▸ **Try it**
Beginning with the line that contains "Sixth view of" and ending with the line that contains "Nacelle articulée JLG", reproduce the lines of the entries below exactly, omitting pictures.

Start of Material supplied

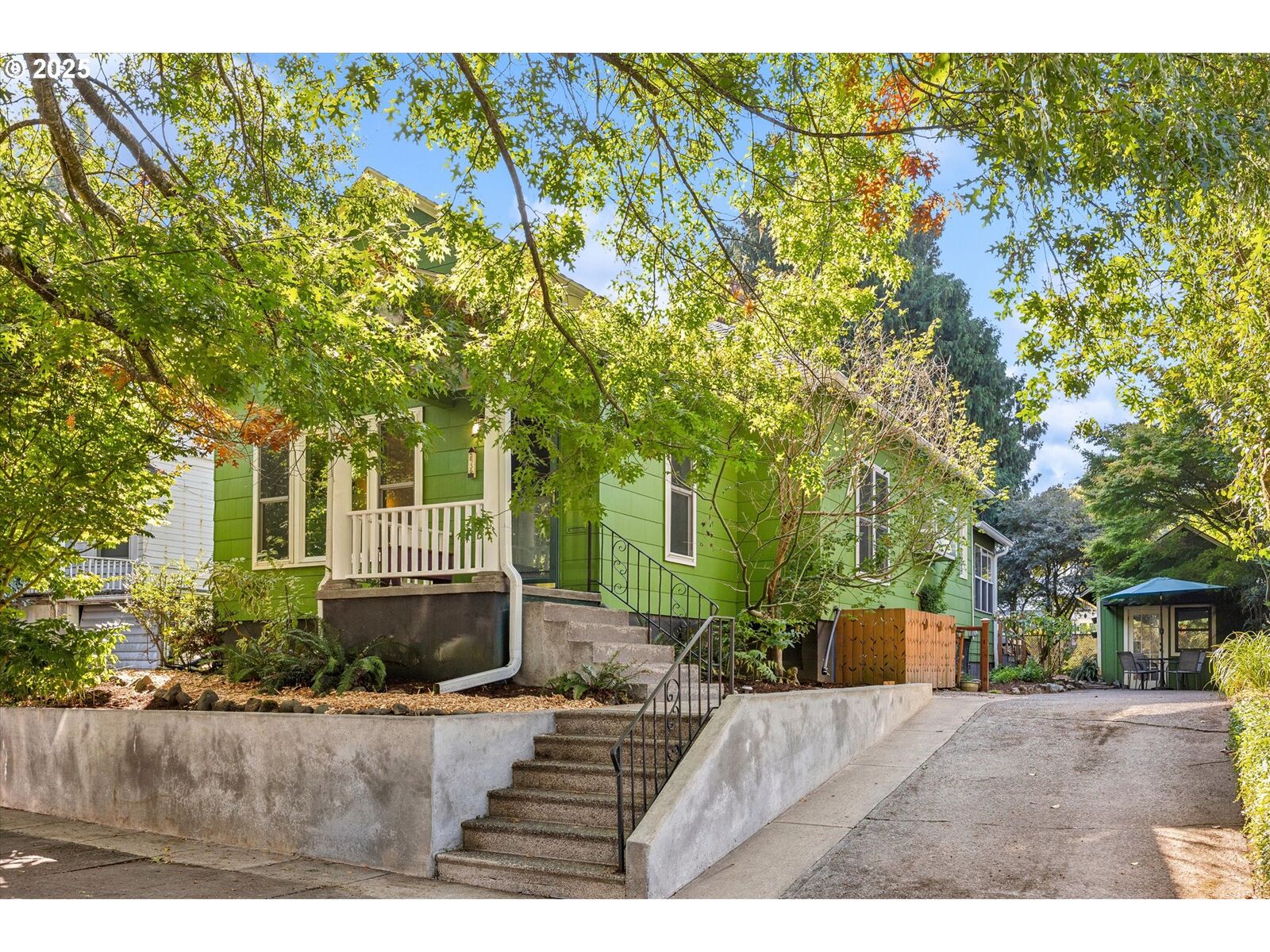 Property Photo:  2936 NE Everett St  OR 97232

End of Material supplied
Start of Material supplied

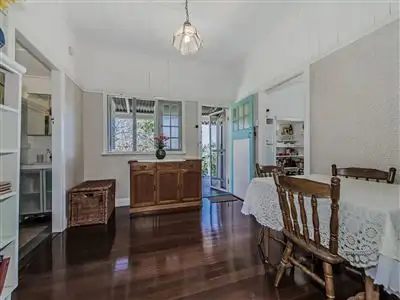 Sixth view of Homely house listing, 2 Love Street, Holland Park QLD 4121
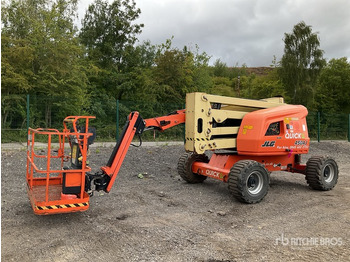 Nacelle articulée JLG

End of Material supplied
Start of Material supplied

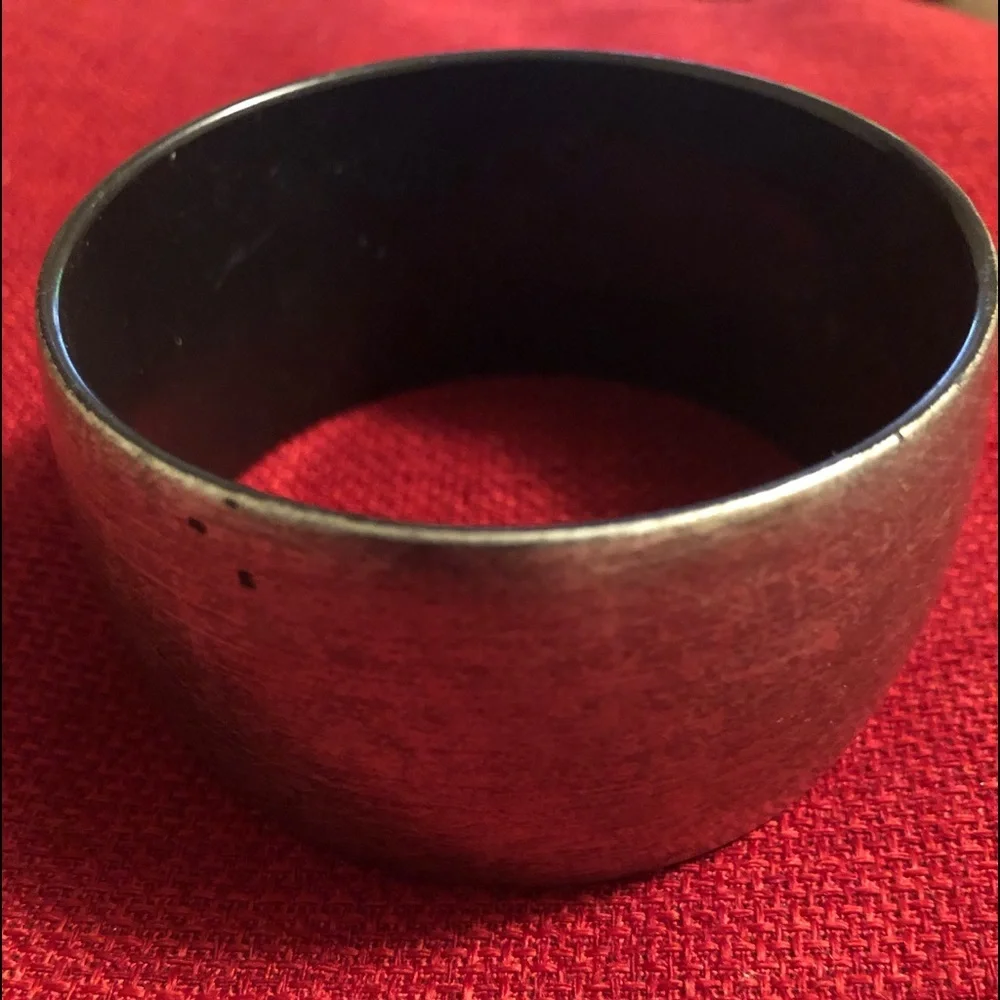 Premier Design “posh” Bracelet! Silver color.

End of Material supplied

▸ **Answer space**
 Sixth view of Homely house listing, 2 Love Street, Holland Park QLD 4121
 Nacelle articulée JLG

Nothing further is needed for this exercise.